Publie le samedi 5 mai 2007 par Open-Publishing

La candidate socialiste s’est imposée dans la France de l’Ouest alors que Nicolas Sarkozy a engagé la conquête de l’Est sur les terres frontistes.

Sarkozy et l’électorat du FN

Lorsque l’on compare le score de Nicolas Sarkozy en 2007 avec le total droite (Chirac, Madelin, Boutin) de 2002, on remarque la très grande symétrie avec la carte d’implantation du Front national. Les gains ont été très importants dans tous les départements méditerranéens (avec 43,6 % des voix, Sarkozy a obtenu son record dans les Alpes-Maritimes). L’Alsace et Rhône-Alpes, deux autres places fortes de l’extrême droite, ont également vu le score de la droite nettement progresser. De même que dans les départements de la grande périphérie francilienne (Loiret, Aube, Eure-et-Loir, Oise, Seine-et-Marne, Yonne et Eure).

L’entreprise n’a pas fonctionné avec la même efficacité partout. Dans le Pas-de-Calais, l’Aisne, une partie des Ardennes, en Haute-Marne ou en Lorraine, Jean-Marie Le Pen parvenait à maintenir des scores assez importants (23 % à Freyming-Merlebach en Moselle, 21 % à Harnes dans le Pas-de-Calais, 19 % à Saint-Dizier en Haute-Marne par exemple). Dans ces régions, la base sociologique de l’électorat FN est beaucoup plus ouvrière et populaire qu’ailleurs et n’a semble-t-il pas été aussi tentée par le vote Sarkozy qu’en Paca ou dans le Languedoc-Roussillon.
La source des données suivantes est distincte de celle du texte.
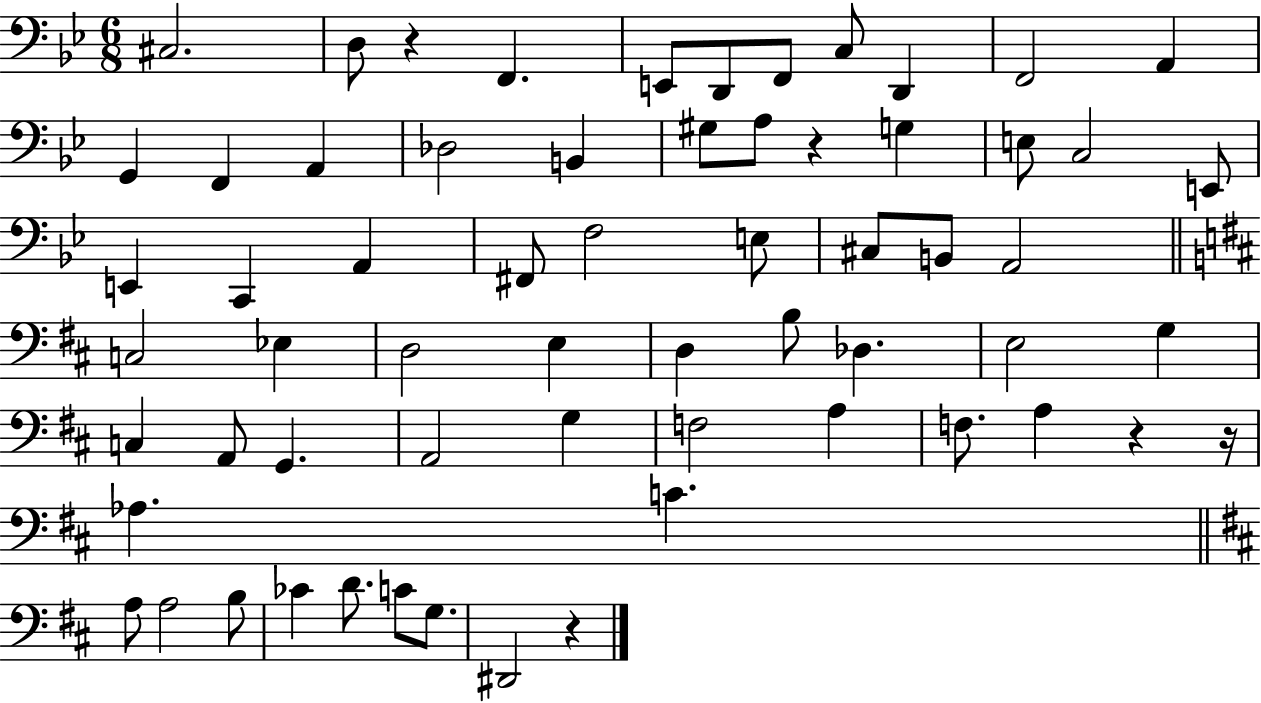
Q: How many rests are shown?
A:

Il faut également voir dans la performance de Nicolas Sarkozy le résultat d’une très forte mobilisation de ce que l’on pourrait appeler la « droite sociologique ». Les exemples sont nombreux en Ile-de-France : Neuilly (72 %), Le Chesnay (52 %), Garches (49,8 %), Boulogne (49 %), Versailles (47 %), sans oublier les arrondissements parisiens chics : 64 % dans le XVIe, 58,5 % dans le VIIIe et 56 % dans le VIIe. On retrouve le même « sur-vote » Sarkozy dans les enclaves riches des grandes agglomérations : 62 % à Bondues dans la métropole lilloise, 50,4 % à Écully, près de Lyon. On observe un phénomène similaire dans les zones de montagne où sont implantées des stations de sports d’hiver (Savoie et Haute-Savoie) et dans les riches terres agricoles : vignoble champenois et de Bourgogne, Beauce et Brie. Nicolas Sarkozy a également enregistré de forts résultats dans des fiefs des chasseurs (la baie de Somme, à l’embouchure de la Seine, dans la baie d’Isigny, le Cotentin, le Médoc).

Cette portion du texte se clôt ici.